Hace unos años, un grupo de científicos intentó demostrar que el funcionamiento de nuestro cerebro favorece la existencia de todo tipo de rituales. Al titular la noticia, un periodista norteamericano definió la mente humana como una mente litúrgica y quizás no le faltara razón. Los ritos crean estructuras de sentido y actúan como puentes que nos franquean el acceso a la sociedad, presentándonos ante el mundo apoyados precisamente por los representantes de esa sociedad que otorga su bendición. Los ritos religan -también en la acepción religiosa del término-, dando sustento a instituciones como la familia y canalizando sentimientos como el duelo, el amor, el miedo o la agresividad. A lo largo de la historia, ninguna cultura ha pervivido sin su puñado de rituales, algunos salvajes y primitivos, otros de tipo civilizatorio. Por supuesto, los ceremoniales cambian, se transforman y a veces olvidamos su significado. Pierden, por así decirlo, la sustancia y dejan de apelarnos. En ese caso, pronto desaparecen o la sociedad decide darles un sentido diferente, tratando de recuperar las raíces no adulteradas de su origen. Pero la cultura es una consecuencia del mestizaje más que de la pureza. Y solo el delirio -o el fanatismo- puede hacernos creer que la verdad histórica es un punto fijo, carente de movimiento y de evolución. Aquí también rigen las leyes de la naturaleza, aunque la civilización -y la cultura- atempere los rigores extremos, el carácter salvaje de la violencia en su estado primario.

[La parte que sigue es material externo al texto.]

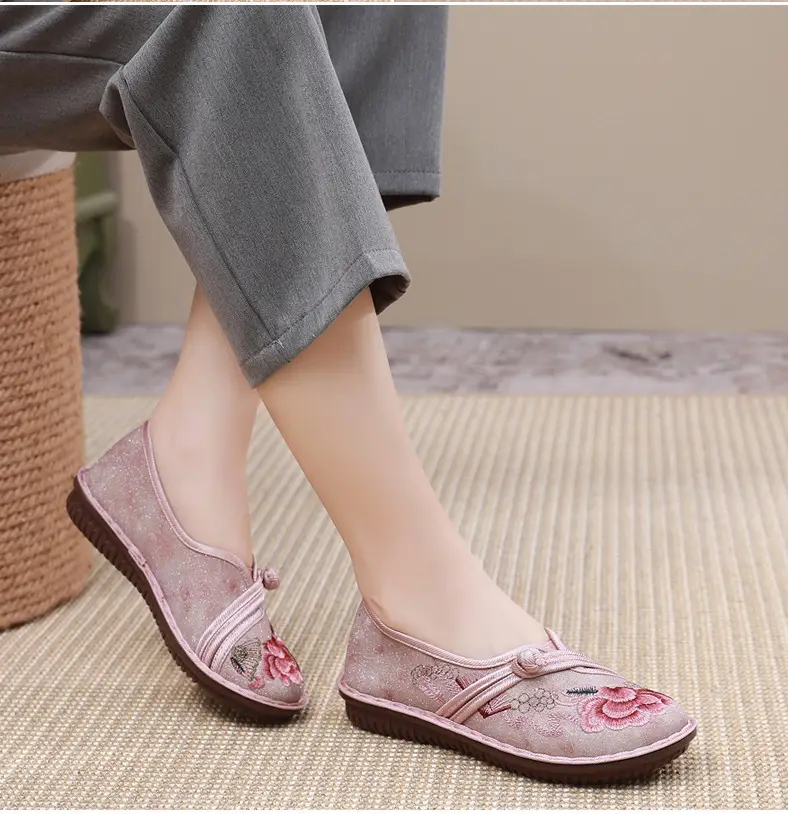 New Old Beijing Cloth Shoes Women's Retro Ethnic Style Embroidered Shoes Comfortable Soft Sole Women's Single Shoes Fashion National Style Mother Shoes — feature 13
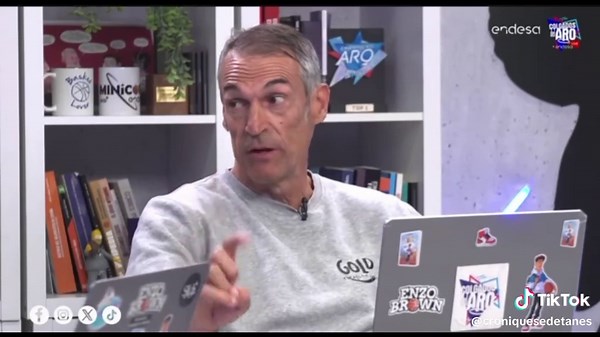 Juanma Iturriaga parlant del bàsquet Llíria... extracte del programa “Colgados del aro”, @colgados_del_aro, on el que va ser un grandíssim jugador rememora, junt amb Toñín Llorente i Pablo Lolaso, al club degà del basquet valencià... La primera vegada que el jugador bilbaí i l’equip edetà es creuaren a la pista va ser al ja llunyà 1976 a Valladolid en la fase d’ascens a Segona Divisió (posterior 1B i actual Primera Divisió FEB) on vaig tindre la fortuna d’estar com a espectador... amb setze anys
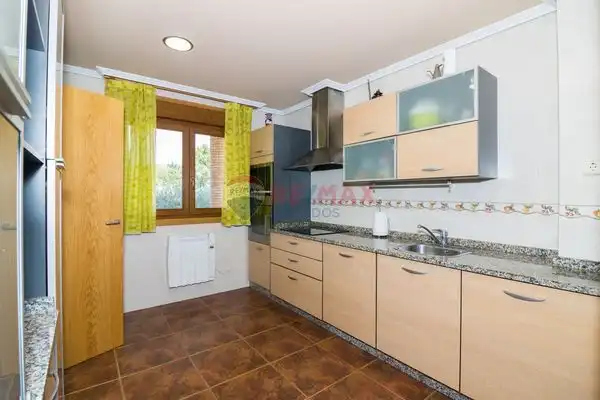Cuina de Casa o xalet en venda en A Guarda   amb Calefacció, Jardí privat i Parquet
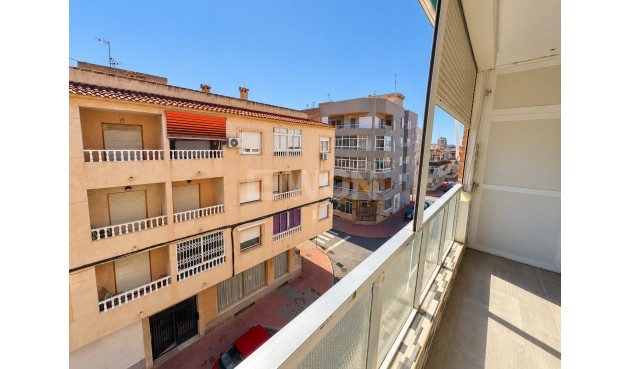 Resale - Apartment / flat - Torrevieja - Costa Blanca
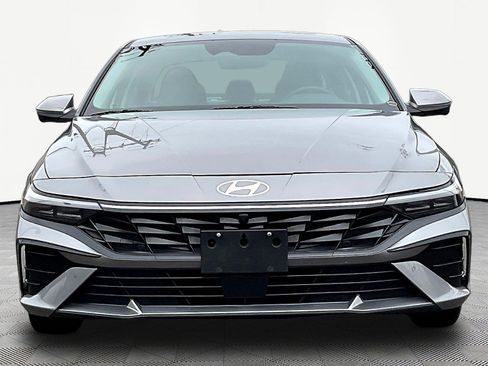 Used 2024 Hyundai Elantra Limited FWD image 2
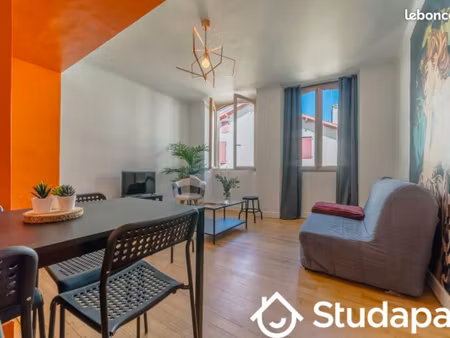 appartement 2 pièces 55 m²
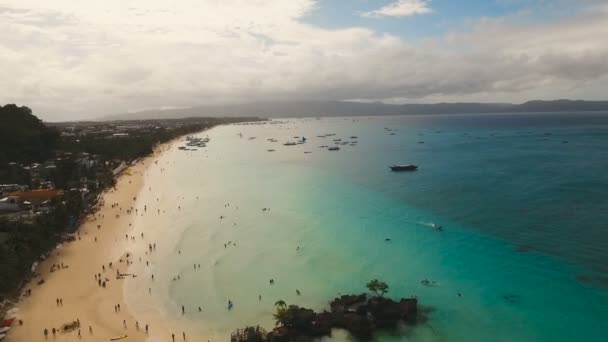 Uitzicht vanuit de lucht prachtig strand op tropisch eiland. Boracay eiland Filippijnen. — Stockvideo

Escribo estas líneas en Elche, sentado bajo un palmeral, en el jardín del hotel. Los niños y unos cuantos turistas chapotean en la piscina. Hace calor. A lo lejos, como una torpe pincelada grisácea, se divisa una capa remota que tal vez sea humo, seguramente del atroz incendio que asola Andratx y la Serra de Mallorca. Hemos venido aquí a celebrar la boda de Pascual y de Weyma, los dos últimos amigos de la universidad que faltaban por casarse. Unos meses antes, en Madrid, se habían casado los penúltimos, Pablo y Silvia. Recuerdo que entonces pensé que uno de los fundamentos del rito es el reencuentro entre amigos como un testimonio de la lealtad. Con alguno de los invitados hacía quince años que no nos veíamos. Con otros, los más íntimos, nos encontramos de boda en boda; a veces también en algún bautizo o funeral. Cada curso, cuando se acerca el verano, intentamos coincidir un fin de semana en algún hotel rural del norte de la Península. Son ritos de nuevo cuño, particulares estructuras de sentido en el mundo líquido de Zygmunt Bauman.

Pensé en todo esto hace unos meses, cuando se casaron Pablo y Silvia, y volví a hacerlo el sábado, durante la ceremonia de Pascual y de Weyma. Quizá sencillamente nos estemos haciendo mayores sin darnos cuenta. En la cena, se habló del pasado (los recuerdos comunes) y del futuro (los niños). Compartimos fotos, anécdotas y promesas. Me alegró comprobar que no han cambiado a lo largo de estas dos décadas, que la nobleza del carácter se ha preservado en ellos y que el tiempo no nos envilece de forma necesaria.

Cuando terminamos los estudios, Pascual y yo marchamos a pie hacia Santiago. Recorrimos los casi 800 kilómetros del Camino Francés en algo menos de treinta días. Él salía de una etapa difícil en su vida y a mí me esperaba otra, aunque yo entonces no lo sabía. Recuerdo que al atardecer se dedicaba a anotar con esmero los hechos del Camino, como teselas de un mosaico que aspira a ser ordenado: sus conversaciones con un escritor de San Francisco, el encuentro con un francés de Bayona, fotógrafo taurino, el exdrogadicto valenciano que peregrinaba de cementerio en cementerio, la noche que tuvimos que pasar durmiendo en un gallinero de Peñalba de Santiago, el cansancio y el polvo. Y la vida adulta que entonces se abría incierta ante nosotros. Ayer les deseamos lo mejor a Pascual, a Weyma y a su pequeña hija Carmen. Ignoro cuándo nos volveremos a ver, pero sé que, sin el viejo don de la amistad, la vida se agosta y se aja irremediablemente.